Rising Inflation, Falling Peso Dominate Outlook
Lower growth and the potential of a renegotiation of the North American Free Trade Agreement (NAFTA) occurring this year, among other risk factors, are creating what some market analysts are now referring to as the ‘perfect storm’ for Mexico’s economy. With the central bank (Banixco) aware of what may lie ahead, monetary and fiscal policies began to tighten before the rise of Donald Trump to the White House.
Now, with near daily rhetoric and threats to NAFTA, one of the US’s biggest trading partners and neighboring ally is facing a mix of domestic and international headwinds that are both depressing consumption across the country and impacting investment.
Data shows that 2016 growth in Mexico eased to 2.2% from 2.5% in 2015. “Amid policy tightening and Trump-related uncertainty, growth is likely to slide to around 1% this year,” Lawrence Brainard, chief economist with London-based Lombard Street Research wrote in a note to clients on February 17th.

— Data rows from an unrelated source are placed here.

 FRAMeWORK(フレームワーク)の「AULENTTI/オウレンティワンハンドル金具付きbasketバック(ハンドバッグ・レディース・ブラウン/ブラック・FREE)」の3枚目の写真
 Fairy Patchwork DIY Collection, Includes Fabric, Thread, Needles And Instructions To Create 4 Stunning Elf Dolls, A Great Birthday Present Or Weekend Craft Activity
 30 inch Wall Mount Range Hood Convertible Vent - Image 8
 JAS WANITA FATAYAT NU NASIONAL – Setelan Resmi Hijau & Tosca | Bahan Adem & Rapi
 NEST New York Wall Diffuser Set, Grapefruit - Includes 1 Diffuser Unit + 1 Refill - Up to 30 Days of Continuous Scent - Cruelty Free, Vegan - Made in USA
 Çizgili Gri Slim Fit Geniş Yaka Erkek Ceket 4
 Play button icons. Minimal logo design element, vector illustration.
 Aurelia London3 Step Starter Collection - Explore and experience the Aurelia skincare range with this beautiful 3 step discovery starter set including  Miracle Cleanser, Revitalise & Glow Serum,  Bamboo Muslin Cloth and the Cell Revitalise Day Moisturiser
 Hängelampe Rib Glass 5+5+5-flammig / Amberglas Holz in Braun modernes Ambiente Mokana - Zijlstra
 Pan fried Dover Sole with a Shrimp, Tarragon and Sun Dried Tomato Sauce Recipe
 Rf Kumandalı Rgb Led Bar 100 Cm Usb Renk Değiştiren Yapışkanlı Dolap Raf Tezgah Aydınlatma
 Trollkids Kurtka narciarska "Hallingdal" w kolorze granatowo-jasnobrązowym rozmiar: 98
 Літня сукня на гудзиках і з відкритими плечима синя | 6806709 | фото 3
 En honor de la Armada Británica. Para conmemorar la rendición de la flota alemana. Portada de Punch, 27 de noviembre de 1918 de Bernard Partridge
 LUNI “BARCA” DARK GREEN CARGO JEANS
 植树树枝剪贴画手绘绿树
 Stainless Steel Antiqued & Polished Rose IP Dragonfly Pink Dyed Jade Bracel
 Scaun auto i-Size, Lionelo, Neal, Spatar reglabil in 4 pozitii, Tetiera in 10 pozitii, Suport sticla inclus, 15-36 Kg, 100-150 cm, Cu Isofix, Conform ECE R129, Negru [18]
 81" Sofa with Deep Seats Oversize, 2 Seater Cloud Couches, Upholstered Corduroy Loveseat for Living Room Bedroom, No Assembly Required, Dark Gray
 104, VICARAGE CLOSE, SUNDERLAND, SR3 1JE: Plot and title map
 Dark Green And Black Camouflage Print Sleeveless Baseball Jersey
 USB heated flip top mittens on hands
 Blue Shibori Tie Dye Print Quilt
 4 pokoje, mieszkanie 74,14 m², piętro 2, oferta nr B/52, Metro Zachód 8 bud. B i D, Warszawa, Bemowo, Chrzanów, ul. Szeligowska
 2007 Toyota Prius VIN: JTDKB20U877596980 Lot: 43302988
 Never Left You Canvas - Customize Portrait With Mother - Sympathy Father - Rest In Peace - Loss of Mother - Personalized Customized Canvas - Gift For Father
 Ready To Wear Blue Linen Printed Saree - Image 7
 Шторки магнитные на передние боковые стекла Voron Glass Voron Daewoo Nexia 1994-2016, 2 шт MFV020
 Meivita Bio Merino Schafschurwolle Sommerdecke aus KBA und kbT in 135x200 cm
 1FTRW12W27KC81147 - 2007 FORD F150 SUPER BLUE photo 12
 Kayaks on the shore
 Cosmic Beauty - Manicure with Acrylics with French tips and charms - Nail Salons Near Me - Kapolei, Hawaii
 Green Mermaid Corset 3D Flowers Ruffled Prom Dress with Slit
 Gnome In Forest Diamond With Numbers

Headline inflation, which spiked to 4.7% in January will probably touch 6% before ending the year around 5.5%, Lombard Street notes. The sharp rise was largely due to the lagged effects of depreciation of the peso that slid 20% between September 2016 and its low point in January of this year.
There remains an obvious dominance of complicated global value chains that exist within US-Mexican trade. Most notably in autos and its respective and parts.
Also not to be overlooked is the “critical importance” of Mexico to US farm states that voted 2 to 1 for Trump (agricultural exports to Mexico are worth $18 billion, third largest US foreign destination). This suggests the new US administration will focus its attention on updating aspects of NAFTA rather than impose a border tax that would ultimately trigger Mexican retaliation, which in turn could trigger a shift of the country’s grain imports to Brazil and Argentina.
“More significantly,” says Brainard, is the evident policy turmoil within the White House that has emboldened Republicans in Congress to dig in their heels to assert their influence vis-à-vis a White House they view as a major liability to the interests of their constituents and their own re-election chances.” Even with the current downbeat economic outlook, a successful renegotiation of NAFTA later this year would be positive for Mexican markets and the peso. Current valuations have incorporated negative outcomes in US-Mexican trade that will probably not materialize. “Fears of a left-wing populist victory in the July 2018 election, though, will begin rising later this year and could erode any rally,” Brainard said.
Andrés Manuel López Obrador (AMLO), a popular and left-wing firebrand is currently leading in early polls for Mexico’s July 2018 presidential election. AMLO is very much in the “Trump mould”, explains Brainard. “Populist, anti-establishment and skilled at rhetoric promising an overthrow of the status quo.”
President’s Trump’s consistent rhetoric and behavior toward Mexico has inadvertently given AMLO an opening to denounce “chauvinist demagoguery” and disregard for human rights. Similar to Trump, AMLO will likely continue with his populist appeal to the masses while at the same time pandering to business interests. For example, by calling for greater trade protection. Having lost two previous presidential runs, AMLO now appears to be trying to imitate the path of former Brazilian President Lula, who came back from earlier defeats to win Brazil’s 2002 election.